Una delle opere cinematografiche che hanno raccontato papa Francesco in maniera più suggestiva è sicuramente Chiamatemi Francesco. Scritto e diretto da Daniele Luchetti, questo film ripercorre la vita del gesuita argentino prima che salisse al soglio di Pietro.
L'arrivo del cardinale Bergoglio per il Conclave del 2013 è quello che porta lo spettatore all'interno della narrazione. Fin da principio il protagonista viene presentato come una persona molto umile e sobria.
Le sue meditazioni sul tetto del luogo in cui risiede sono il primo aggancio per un flashback sui suoi anni giovanili, e qui si vede come la personalità di Jorge sia stata fortemente plasmata dal contesto socio-culturale degli anni Cinquanta, caratterizzato da un clima teso. Da una parte ci sono infatti i peronisti, che accusano le istituzioni ecclesiastiche di aver favorito la cacciata di Perón, e dall'altra antiperonisti, che invece non vogliono che i seguaci del leader abbiano ancora margine per agire a livello politico.
Le scelte registiche di stampo autoriale contribuiscono a mostrare come il giovane Jorge agisca in una società in cui nessuno è al sicuro, ed in cui persino i gesuiti vengono spiati. Bergoglio si fa trovare disponibile a dialogare con tutti, malgrado sia messo sotto pressione anche dai suoi superiori. Sorgono inoltre diverse tematiche legate alla modernità a cui urge far fronte, in una realtà sociale che si fa sempre più frammentata.
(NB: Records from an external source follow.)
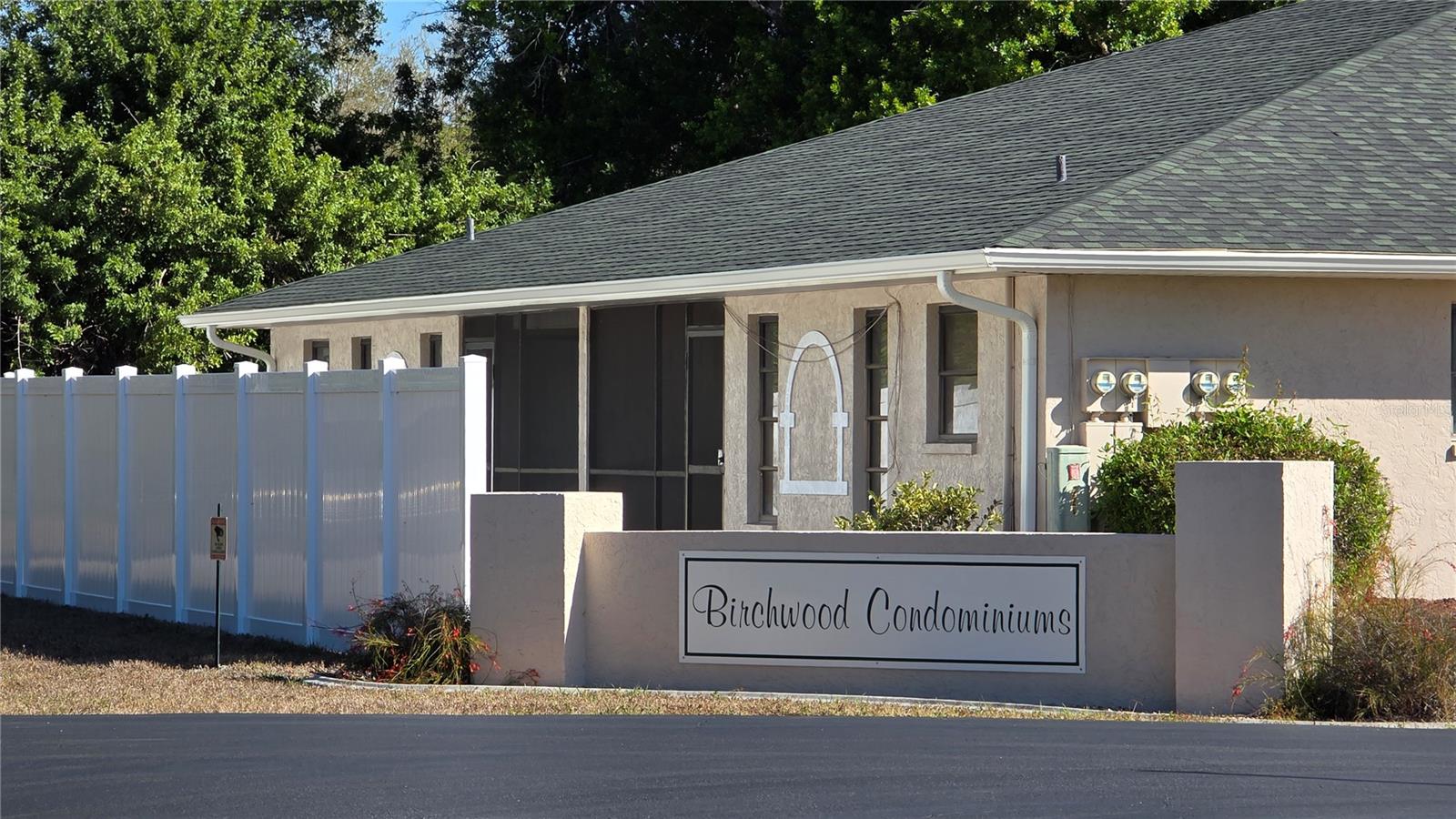 Image 2 of 26 For 24540 Harborview Road C1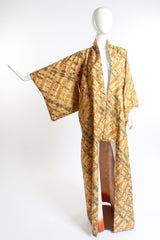 Vintage Shibori Tie Dye Kimono front on mannequin with arm extended for sleeve drop @recess la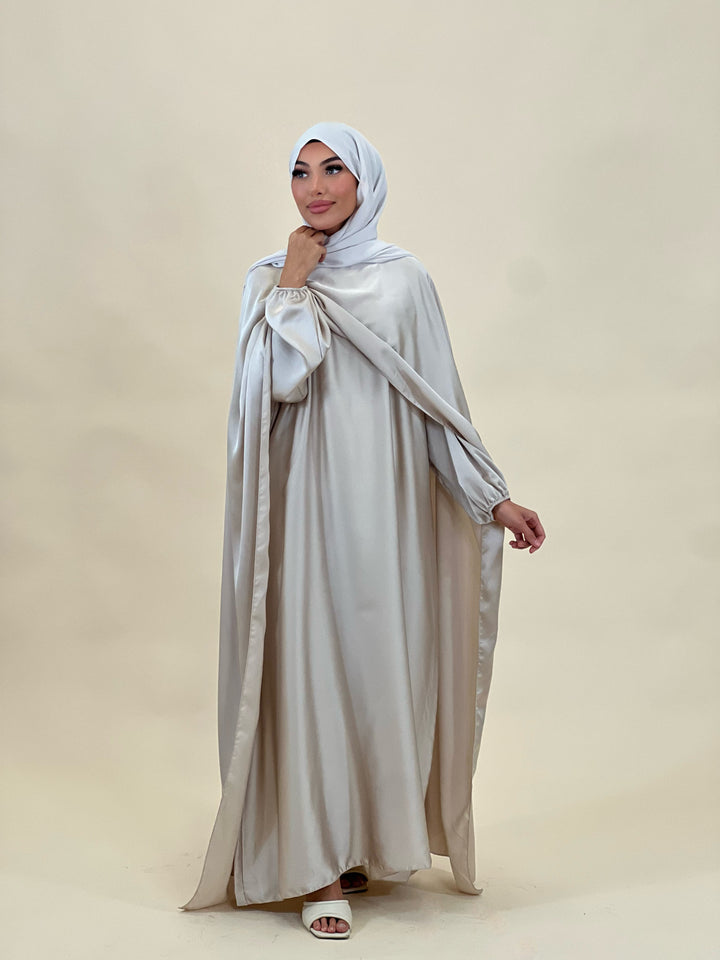 Madeline Satin Abaya mit Cape Detail in Beige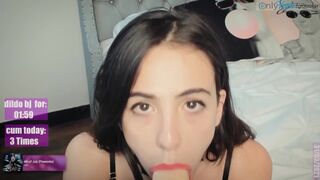 Gia_baker: Engedd meg, hogy lenyaljam a kemény farkadat, bébi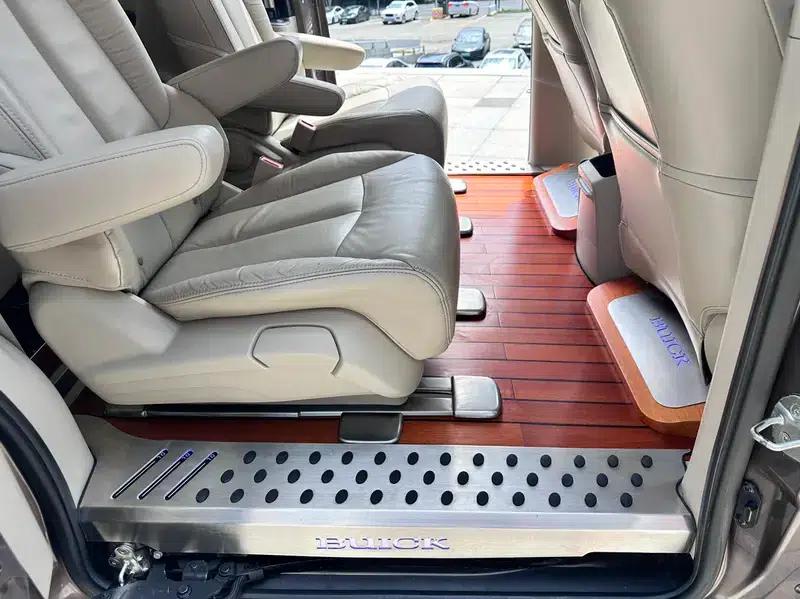 Buick GL8 2014 3.0L GT Luxury Business Edition — миниатюра 5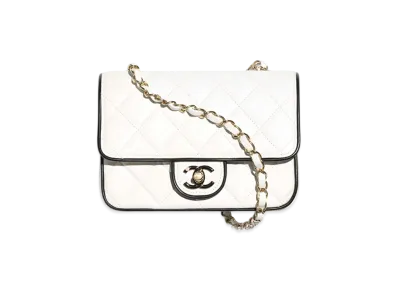 CHANEL Lambskin Matelasse Chain Wallet "White"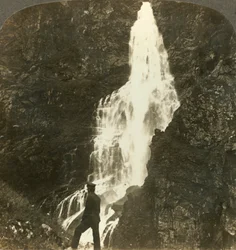 Las cataratas de Sevle, chapoteando y salpicando, cerca del hotel Stalheims, Naerodal, Noruega, c. 1905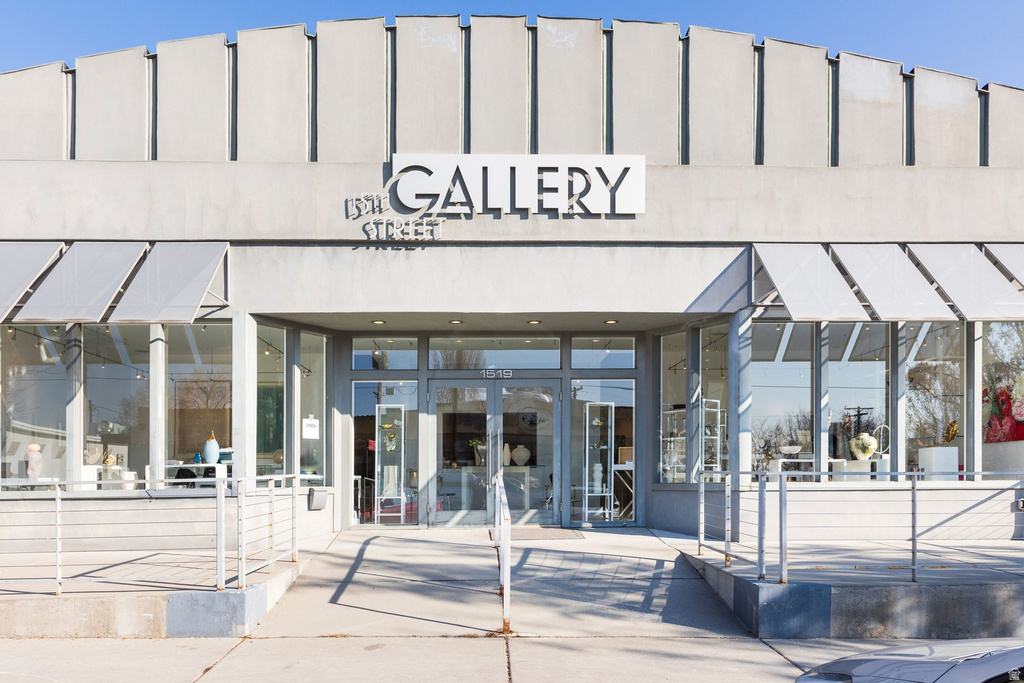 1440 E LAIRD AVE Salt Lake City, UT 84105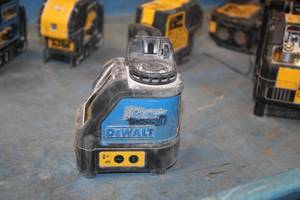 lot 196 image: DeWalt 4.5V Laser Chalk Line Generator DW088CG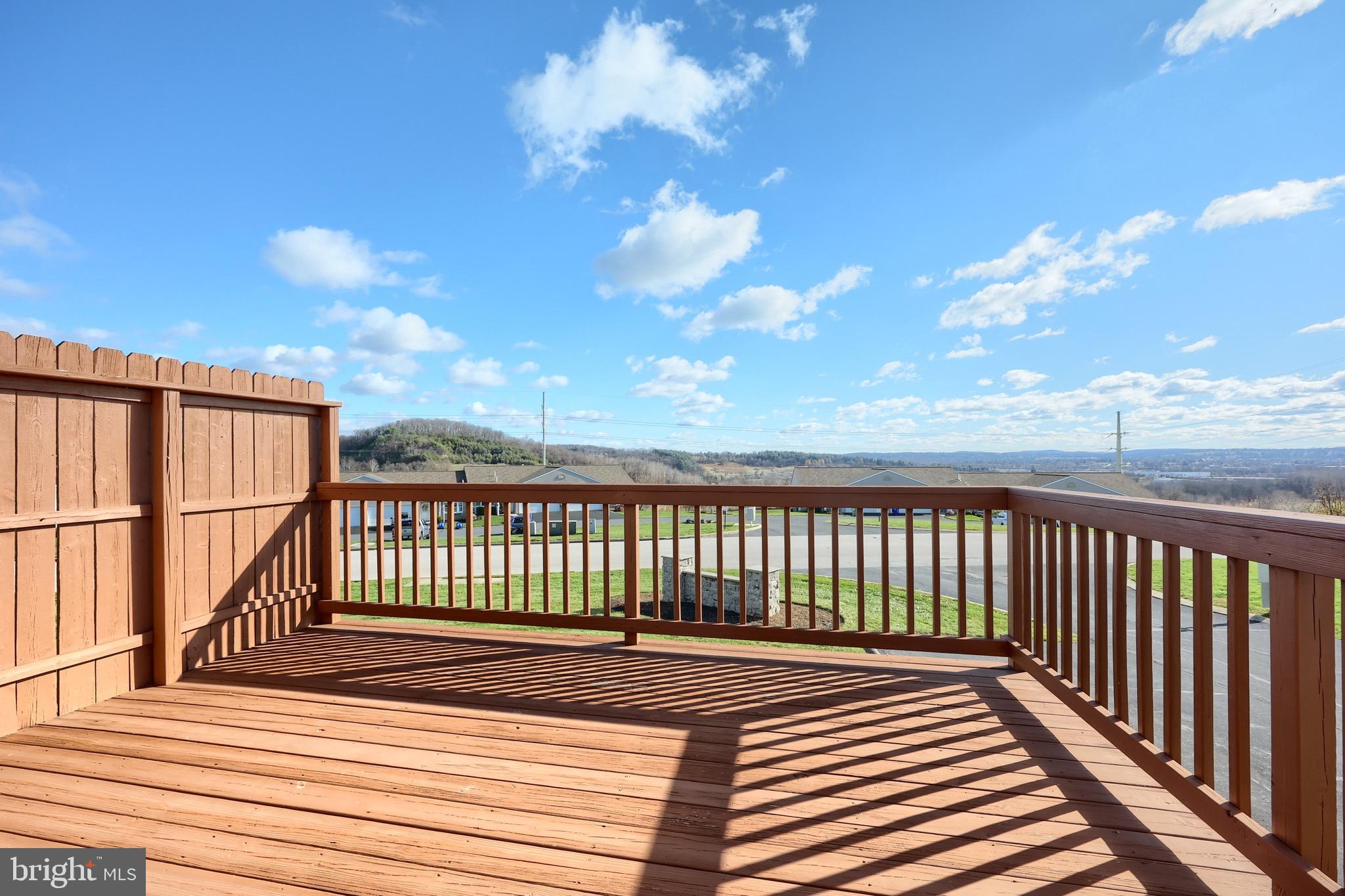 WHITE OAK MANOR - Residential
In questa cornice già di per sé logorante, irrompe con tutta la sua violenza il dramma dei desaparecidos, ed iniziano ad essere perseguitati anche quei sacerdoti che provano a fare luce e a mobilitarsi, come Enrique Angelelli, il cui omicidio viene fatto sembrare un incidente. Anche la Chiesa finisce per dividersi, lacerata tra chi si impegna ad aiutare il popolo e chi tace perché pensa in prima battuta alla propria sopravvivenza: non si sa chi di fidarsi, perché anche chi aiuta può venire preso di mira.
L'interesse dei militari però è unicamente quello di non vedere insegnata la Teologia della liberazione, in quanto concettualmente marxista. In questo senso, l'opera di mediazione di Bergoglio è costante, e fa sì che numerosi oppositori possano essere messi in salvo grazie all'istituto che dirige.
Così, mentre i vertici della Chiesa mostrano un atteggiamento neutro, lassista, nei confronti delle violenze dei militari, il lavoro di ricucitura di Bergoglio viene frustrato dai crimini disumani del governo verso i dissidenti. A causa di ciò il protagonista finisce per allontanarsi da Buenos Aires, cercando di portare speranza in quelle zone rurali in cui domina lo sconforto.
Il suo vissuto si rivela quindi prezioso anche quando viene chiamato a fare da vescovo ausiliare a Buenos Aires, in quanto sa attuare un ascolto dal basso della comunità. La contrapposizione tra borghesi e poveri diventa uno snodo cruciale, perché presto lo stesso Bergoglio, e lo spettatore con lui, può rendersi conto di persona di come ci siano interessi economici che scavalcano la politica istituzionale e danneggiano direttamente le periferie.
Il protagonista è quindi proattivo nel prendere una posizione a favore dei poveri, facendo così sentire la Chiesa vicina agli ultimi. Allo stesso modo, nel ritorno al tempo presente della narrazione il futuro papa Francesco parla senza sconti anche dei problemi concreti che si ripercuotono all'interno della Chiesa, con una chiarezza di idee che risulta un tratto fortemente caratteristico della sua personalità. E forse, proprio per questo, determinante nella sua elezione.